有料

「やっと土俵に」住民ら喜びの声 傍聴席にどよめき 辺野古抗告訴訟、市民に原告適格 沖縄


「やっと土俵に」住民ら喜びの声 傍聴席にどよめき 辺野古抗告訴訟、市民に原告適格 沖縄 辺野古抗告訴訟で原告適格を認めて一審への差し戻しを命じる判決があった福岡高裁那覇支部の法廷=15日(代表撮影)
この記事を書いた人 Avatar photo 琉球新報社

 名護市辺野古の新基地建設工事を巡り、福岡高裁那覇支部は15日、辺野古周辺住民が騒音などで健康被害を受ける恐れがあるとして、裁判を起こした市民4人が「原告適格がある」と判断した。

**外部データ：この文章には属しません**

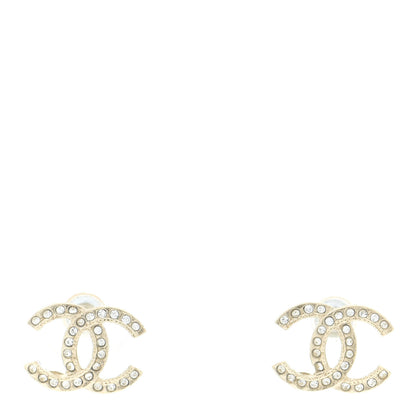 Chanel Crystal CC Earrings Gold 1 of 5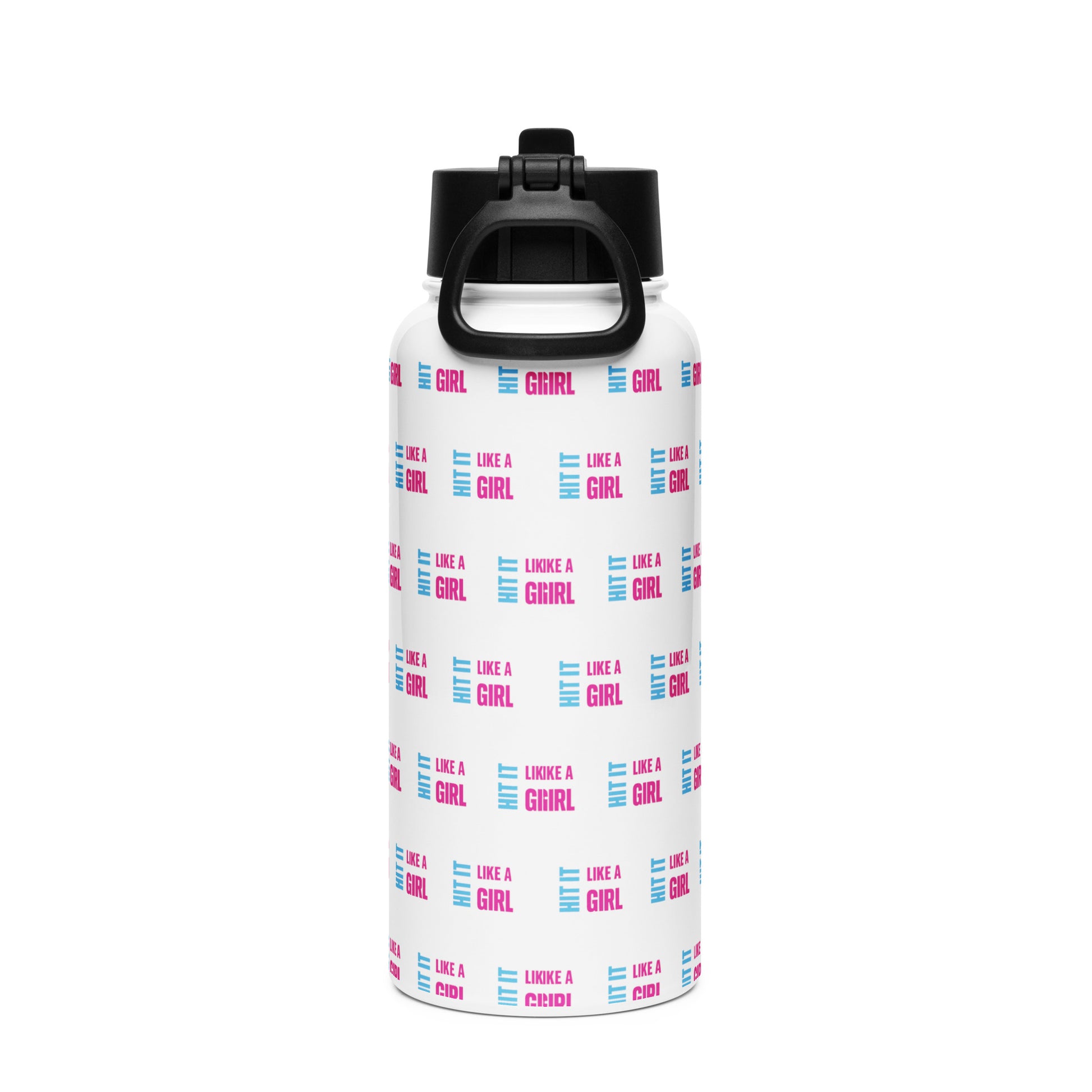 Empowering water bottle covered in repeating Hit It Like a Girl logos — stylish and functional drinkware for confident women.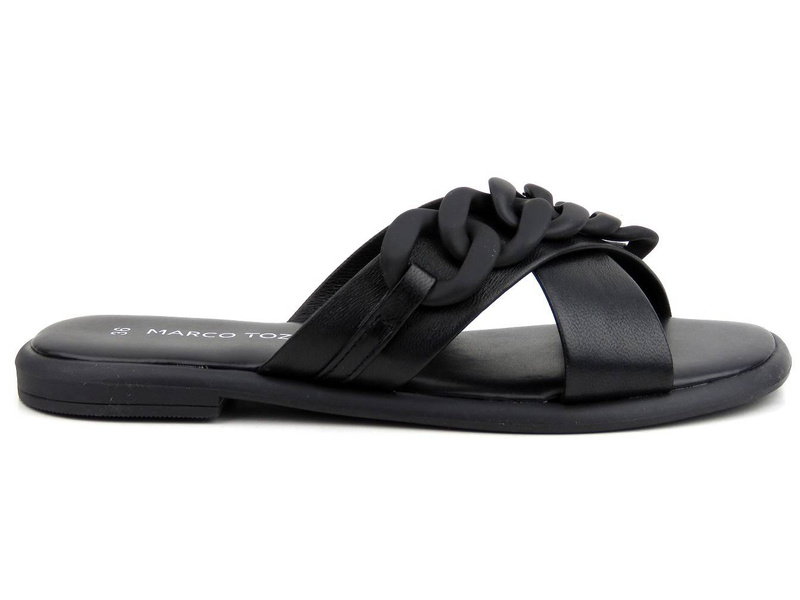 Dámské kožené pantofle s ozdobným řetízkem - MARCO TOZZI 27121, černé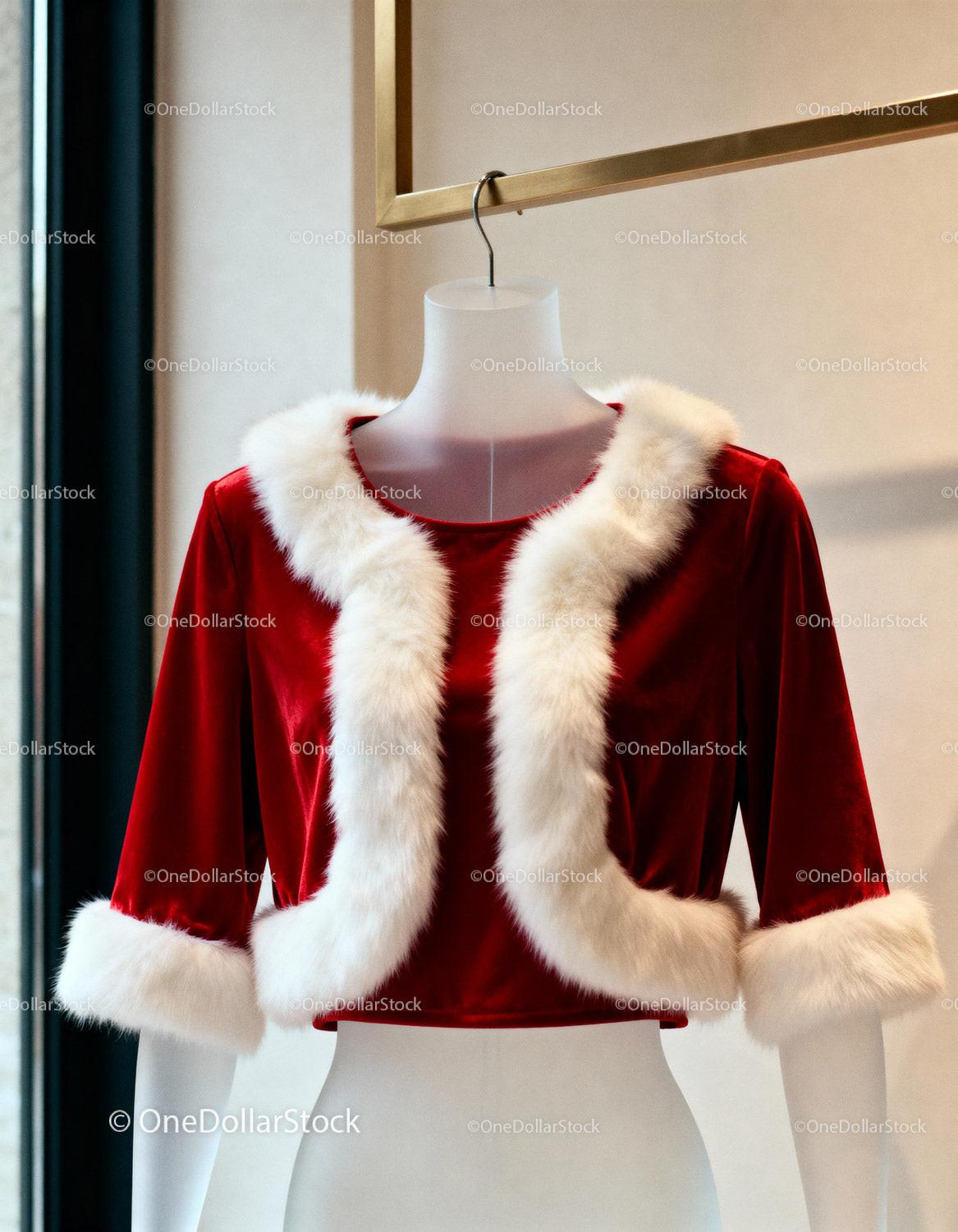 Red Velvet Holiday Jacket with White Fur Trim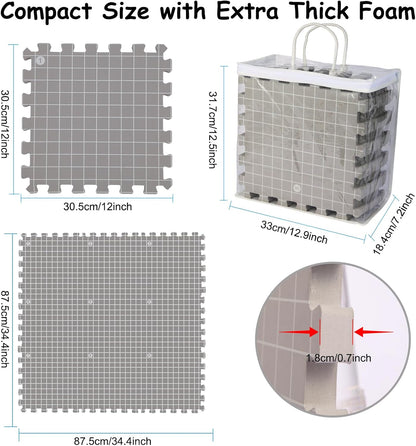MEVOME Blocking Mats for Knitting with 20pcs Knitting Blockers 200 T-pins 104 Locking Stitch Markers, Extra Thick Block Boards with Grids Storage Bag for Needlepoint Crochet - Pack of 9 (Gray)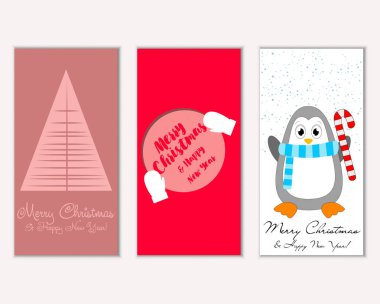 Mutlu Noeller ve mutlu yeni yıl tebrik kartları. Vektör çizim   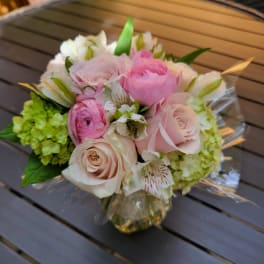 Pink white and green bouquet in a bag #7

 これまで、入り口論に終始し、住民の訴えを門前払いする判決が続いたが、実質審理に道を開く判決となり、原告や市民からは「画期的だ」「潮目が変わる」など喜びの声が相次いだ。

【関連】辺野古住民に「原告適格」高裁が一審を破棄

 司法の堅い扉がようやく開いた。名護市辺野古の新基地建設を巡り、周辺住民が工事の適法性を問うた訴訟の控訴審で、福岡高裁那覇支部は15日、原告4人全員に裁判を起こす資格があると認めた。

 辺野古に関する訴訟ではこれまで、具体的な審理に入らず、原告適格を認めない門前払い判決が続いていた。「ここからがスタートだ」。日本復帰から52年の節目の日に言い渡された判決に、原告らは喜びつつ、今後の審理を見据えた。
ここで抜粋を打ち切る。